Durante semanas ensaya distintas maneras de subir la escalera pero no puede pasar del
primer peldaño. La organización de estas coordinaciones es larga y muy difícil pero está
empeñada en conseguirlo y es notable la iniciativa, la persistencia de su proyecto, la seriedad
con que intenta nuevas estrategias y las ensaya una y otra vez.

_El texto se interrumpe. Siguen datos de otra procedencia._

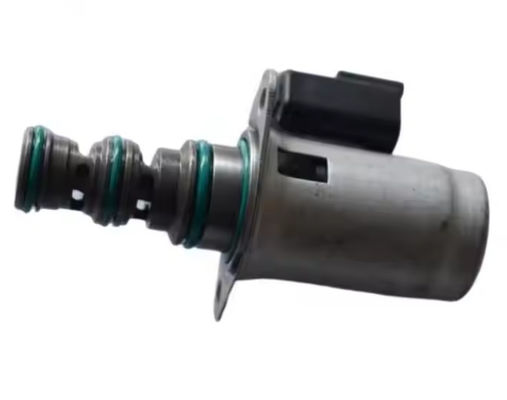 Соленоидный клапан SV3-D2-D12 SV98-T39S 25/Mm3127 25/222913 12/24v Гидравлический стоп Соленоидный клапан для SS740 TG300 PS750 TCH660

En la última etapa, Ana ya con 5 años, se integra a un grupo terapéutico con otros tres niños
con diferentes patologías. Durante semanas Ana se refugia en un rincón sorprendida y
atemorizada, los estudia de lejos. Disminuye su actividad, está muy pendiente de los
desplazamientos de los otros. Reacciona con crispación y rechazo si alguno de acerca pero no
puede defenderse, ni defender su espacio ni sus pertenencias. Sólo un mes después comienza
a oponerse activamente y, recuperando su seguridad, se desplaza por la sala buscando sus
objetos pero todavía evita sistemáticamente a los otros niños. Los observa con atención y
participa de la acción siguiendo el ritmo, los impulsos, los movimientos de los otros con todo
su cuerpo, como el espectador de una cancha de jugadores, con una imitación refleja, por
imantación, pero a bastante distancia.
Tarda casi dos meses en animarse a ir hacia ellos. Sus primeros acercamientos son para
recuperar objetos, inclusive arrancándoselos de las manos, mientras los mira
amenazadoramente. A partir de estas disputas de lo propio y discriminación del otro comienza
a integrarse al grupo. Luego puede llegar a compartir una actividad común, llenar recipientes
en conjunto, llenar cuando otro vacía y a la inversa, empujar un carro, transportar bloques,
intentar apilarlos.
A los 5 años y medio está atenta y bien conectada con su familia, que ahora la acepta mejor, la
comprende y también se gratifica descubriéndola. Vive y genera conflictos cotidianos
habituales en las familias, se le ponen límites y participa a su nivel. Controla esfínteres
regularmente desde hace pocos meses.
Ana ingresa en una institución especializada donde comparte actividades durante el día con
buena pertenencia grupal. Su mirada es intensa, directa, vivaz, pícara y provocadora. Se hace
comprender rápidamente y respetar en sus deseos.
Conclusiones
La posibilidad de “dejar ser” a Ana, de ser recibida y aceptada porque “es quien es” y, como
diría Judit Falk, tiene el derecho de serlo, les permite progresivamente a los familiares de Ana
descubrirla en sus potencialidades y competencias y no desde lo que no puede ser ni hacer,
desde la angustia de la falta, desde la culpa de la falla. Pero sobre todo les permite, de manera
heterogénea, ir descubriéndose en nuevas funciones parentales y en la construcción de nuevas
modalidades de interacción más placenteras, menos sobreexigentes, más respetuosas
recíprocamente y sobre todo más gratificantes. El padre organizó y amuebló una habitación
independiente para Ana buscando cada detalle para que pudiera desplazarse y jugar. La
madre, pudo identificarse con algunos aspectos positivos de Ana, “es empeñosa como yo”,
decía, lo cual le permitió elaborar los sentimientos hostiles y parte de la culpa frente a la
imagen descalificadora que Ana le devolvía.